All three CP-decomposition methods involve the estimation of the autocovariance of ${\bf Y}_t$ and $\xi_t$ at lag $k$, which is defined as follows:

$$\hat{\bf \Sigma}_{k} = T_{\delta_1}\{\hat{\boldsymbol{\Sigma}}_{\mathbf{Y},\xi}(k)\}\ \ {\rm with}\ \ \hat{\boldsymbol{\Sigma}}_{\mathbf{Y}, \xi}(k) = \frac{1}{n-k}\sum_{t=k+1}^n(\mathbf{Y}_t-\bar{\mathbf{Y}})(\xi_{t-k}-\bar{\xi})\,,$$

where $\bar{\bf Y} = n^{-1}\sum_{t=1}^n {\bf Y}_t$, $\bar{\xi}=n^{-1}\sum_{t=1}^n \xi_t$

and $T_{\delta_1}(\cdot)$ is a threshold operator defined as $T_{\delta_1}({\bf W}) = \{w_{i,j}1(|w_{i,j}|\geq \delta_1)\}$ for any matrix ${\bf W}=(w_{i,j})$, with the threshold level $\delta_1 \geq 0$ and $1(\cdot)$

representing the indicator function. Chang et al. (2023) and Chang et al. (2024) suggest to choose $\delta_1 = 0$ when $p, q$ are fixed and $\delta_1>0$ when $pq \gg n$.

The refined estimation method involves

$$\check{\bf \Sigma}_{k} =T_{\delta_2}\{\hat{\mathbf{\Sigma}}_{\check{\mathbf{Y}}}(k)\}\ \ {\rm with}\ \ \hat{\mathbf{\Sigma}}_{\check{\mathbf{Y}}}(k)=\frac{1}{n-k}\sum_{t=k+1}^n(\mathbf{Y}_t-\bar{\mathbf{Y}}) \otimes {\rm vec}(\mathbf{Y}_{t-k}-\bar{\mathbf{Y}})\,,$$

where $T_{\delta_2}(\cdot)$ is a threshold operator with the threshold level $\delta_2 \geq 0$, and ${\rm vec}(\cdot)$ is a vecterization operator with ${\rm vec}({\bf H})$ being the $(m_1m_2)\times 1$ vector obtained by stacking the columns of the $m_1 \times m_2$ matrix ${\bf H}$. See Section 3.2.2 of Chang et al. (2023) for details.
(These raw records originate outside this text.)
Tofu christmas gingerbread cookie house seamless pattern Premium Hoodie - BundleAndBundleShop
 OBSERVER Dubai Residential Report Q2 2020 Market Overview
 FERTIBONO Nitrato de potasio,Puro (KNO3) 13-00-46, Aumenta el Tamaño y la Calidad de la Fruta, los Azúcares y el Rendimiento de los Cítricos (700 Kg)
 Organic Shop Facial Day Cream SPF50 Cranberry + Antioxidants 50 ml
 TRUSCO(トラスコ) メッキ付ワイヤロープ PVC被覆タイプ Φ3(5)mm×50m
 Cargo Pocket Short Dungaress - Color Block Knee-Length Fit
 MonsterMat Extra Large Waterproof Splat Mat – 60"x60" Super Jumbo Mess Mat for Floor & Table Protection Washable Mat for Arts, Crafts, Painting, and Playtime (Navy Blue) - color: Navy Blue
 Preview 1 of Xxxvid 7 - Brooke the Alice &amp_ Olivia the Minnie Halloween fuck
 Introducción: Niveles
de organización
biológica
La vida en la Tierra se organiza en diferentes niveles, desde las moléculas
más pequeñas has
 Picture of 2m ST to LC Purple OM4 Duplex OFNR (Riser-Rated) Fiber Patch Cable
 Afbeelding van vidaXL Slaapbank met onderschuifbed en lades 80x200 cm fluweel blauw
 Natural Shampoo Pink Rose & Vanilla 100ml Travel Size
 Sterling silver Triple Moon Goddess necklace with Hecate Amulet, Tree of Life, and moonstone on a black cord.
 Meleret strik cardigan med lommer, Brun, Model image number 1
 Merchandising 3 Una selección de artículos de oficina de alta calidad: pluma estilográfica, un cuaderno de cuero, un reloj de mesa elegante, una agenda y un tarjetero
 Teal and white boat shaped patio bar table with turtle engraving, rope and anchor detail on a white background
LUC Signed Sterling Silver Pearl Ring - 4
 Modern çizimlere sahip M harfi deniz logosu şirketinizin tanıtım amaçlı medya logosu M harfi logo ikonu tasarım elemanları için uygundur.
The unified estimation method involves

$$\vec{\bf \Sigma}_{k}=T_{\delta_3}\{\hat{\boldsymbol{\Sigma}}_{\vec{\mathbf{Y}}}(k)\}\ \ {\rm with}\ \ \hat{\boldsymbol{\Sigma}}_{\vec{\mathbf{Y}}}(k)=\frac{1}{n-k}\sum_{t=k+1}^n{\rm vec}({\mathbf{Y}}_t-\bar{\mathbf{Y}})\{{\rm vec}(\mathbf{Y}_{t-k}-\bar{\mathbf{Y}})\}'\,,$$

where $T_{\delta_3}(\cdot)$ is a threshold operator with the threshold level $\delta_3 \geq 0$. See Section 4.2 of Chang et al. (2024) for details.

Examples

# Example 1.
p <- 10
q <- 10
n <- 400
d = d1 = d2 <- 3
## DGP.CP() generates simulated data for the example in Chang et al. (2024).
data <- DGP.CP(n, p, q, d, d1, d2)
Y <- data$Y

## d is unknown
res1 <- CP_MTS(Y, method = "CP.Direct")
res2 <- CP_MTS(Y, method = "CP.Refined")
res3 <- CP_MTS(Y, method = "CP.Unified")

## d is known
res4 <- CP_MTS(Y, Rank = list(d = 3), method = "CP.Direct")
res5 <- CP_MTS(Y, Rank = list(d = 3), method = "CP.Refined")

# Example 2.
p <- 10
q <- 10
n <- 400
d1 = d2 <- 2
d <-3
data <- DGP.CP(n, p, q, d, d1, d2)
Y1 <- data$Y

## d, d1 and d2 are unknown
res6 <- CP_MTS(Y1, method = "CP.Unified")
## d, d1 and d2 are known
res7 <- CP_MTS(Y1, Rank = list(d = 3, d1 = 2, d2 = 2), method = "CP.Unified")

References

Chang, J., Du, Y., Huang, G., & Yao, Q. (2024). Identification and estimation for matrix time series CP-factor models. arXiv preprint. tools:::Rd_expr_doi("doi:10.48550/arXiv.2410.05634") .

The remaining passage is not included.